Featuretools is an open source library for performing automated feature engineering. It is a great tool designed to fast-forward the feature generation process, thereby giving more time to focus on other aspects of machine learning model building. In other words, it makes your data “machine learning ready”.

There are three major components of the package that we should be aware of:

**Entities**
**Deep Feature Synthesis (DFS)**
**Feature primitives**

a) An Entity can be considered as a representation of a Pandas DataFrame. A collection of multiple entities is called an Entityset.

b) Deep Feature Synthesis (DFS) has got nothing to do with deep learning. Don’t worry. DFS is actually a Feature Engineering method and is the backbone of Featuretools. It enables the creation of new features from single, as well as multiple dataframes.

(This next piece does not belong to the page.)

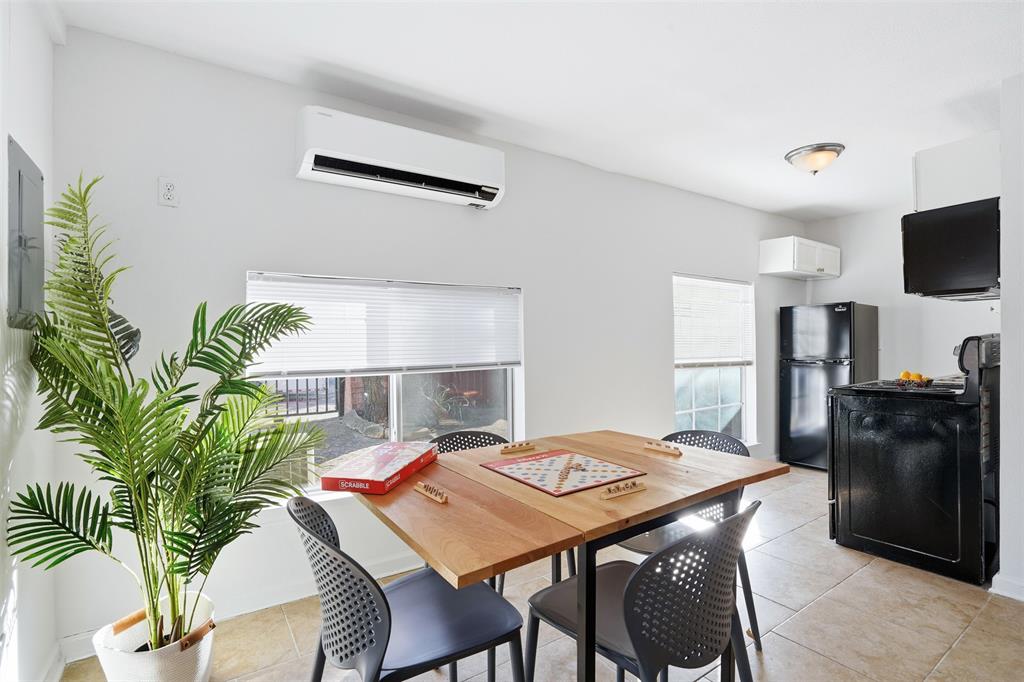 1102 Brunner Avenue Dallas, TX 75224 - Photo 37 of 38 a view of a dining room with furniture and a kitchen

c) DFS create features by applying Feature primitives to the Entity-relationships in an EntitySet. These primitives are the often-used methods to generate features manually. For example, the primitive “mean” would find the mean of a variable at an aggregated level.



## Data

The data we have in StoreData.csv file which have data of different grocery items in that store chain. We need to build a predictive model for the same. Note that there are 1559 products across 10 stores in the given dataset.

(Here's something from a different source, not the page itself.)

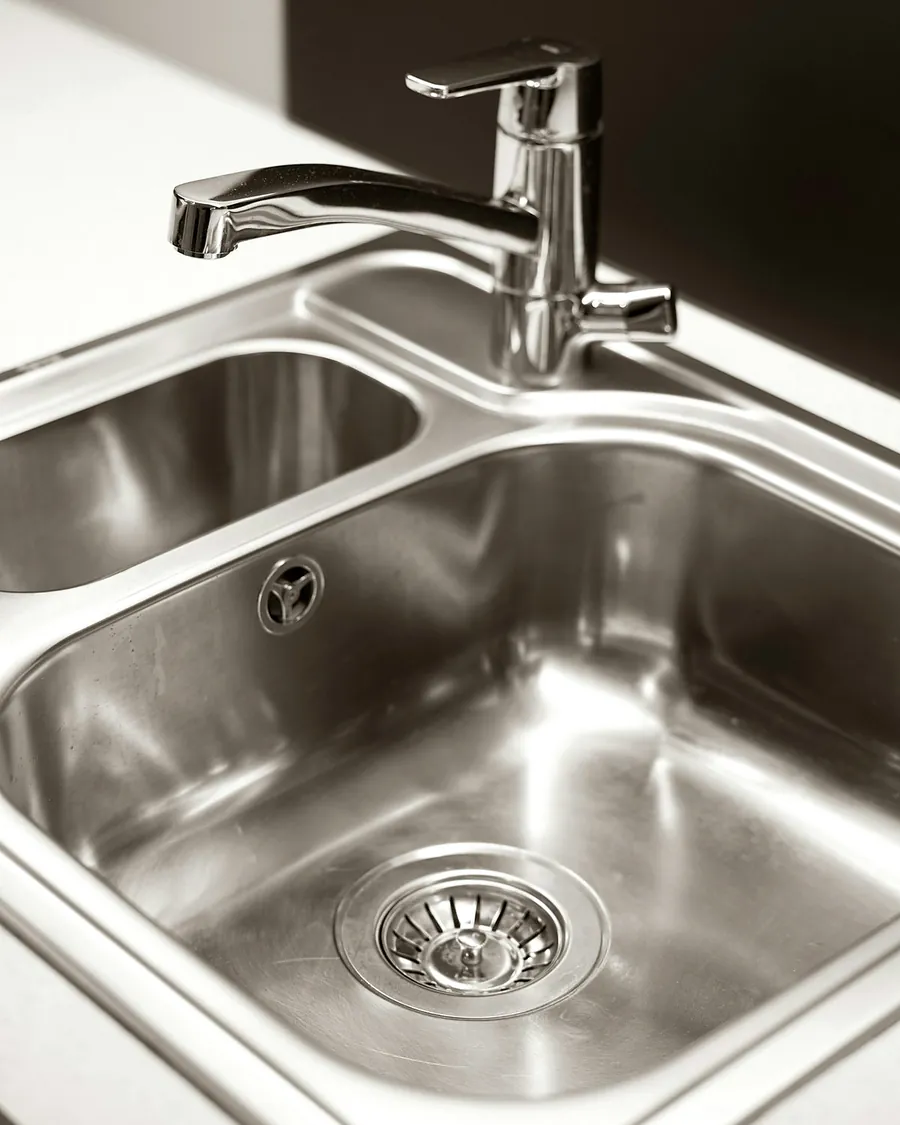 A stainless steel kitchen sink with a chrome mixer tap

The below table shows the features provided in our data:

                    Variable	Description
                Item_Identifier	Unique product ID
                    Item_Weight	Weight of product
            Item_Fat_Content	Whether the product is low fat or not
                Item_Visibility	The % of total display area of all products in a store allocated to the particular product
                    Item_Type	The category to which the product belongs
                    Item_MRP	Maximum Retail Price (list price) of the product
            Outlet_Identifier	Unique store ID
    Outlet_Establishment_Year	The year in which store was established
                    Outlet_Size	The size of the store in terms of ground area covered
        Outlet_Location_Type	The type of city in which the store is located
                    Outlet_Type	Whether the outlet is just a grocery store or some sort of supermarket
            Item_Outlet_Sales	Sales of the product in the particulat store. This is the outcome variable to be predicted.

### Imports and read data

In [1]:
import featuretools as ft
import numpy as np
import pandas as pd

train = pd.read_csv("StoreData_train.csv")
test = pd.read_csv("StoreData_test.csv")

In [2]:
train.head()


Unnamed: 0,Item_Identifier,Item_Weight,Item_Fat_Content,Item_Visibility,Item_Type,Item_MRP,Outlet_Identifier,Outlet_Establishment_Year,Outlet_Size,Outlet_Location_Type,Outlet_Type,Item_Outlet_Sales
0,FDA15,9.3,Low Fat,0.016047,Dairy,249.8092,OUT049,1999,Medium,Tier 1,Supermarket Type1,3735.138
1,DRC01,5.92,Regular,0.019278,Soft Drinks,48.2692,OUT018,2009,Medium,Tier 3,Supermarket Type2,443.4228
2,FDN15,17.5,Low Fat,0.01676,Meat,141.618,OUT049,1999,Medium,Tier 1,Supermarket Type1,2097.27
3,FDX07,19.2,Regular,0.0,Fruits and Vegetables,182.095,OUT010,1998,,Tier 3,Grocery Store,732.38
4,NCD19,8.93,Low Fat,0.0,Household,53.8614,OUT013,1987,High,Tier 3,Supermarket Type1,994.7052


### Data Prepration

For creating features we will combine both the test and training data set to avoid applying different Data Preprocessing repeatedly.
But in Training data we have field **Item_Outlet_Sales** extra which is not in the test data (**This is prediction value**).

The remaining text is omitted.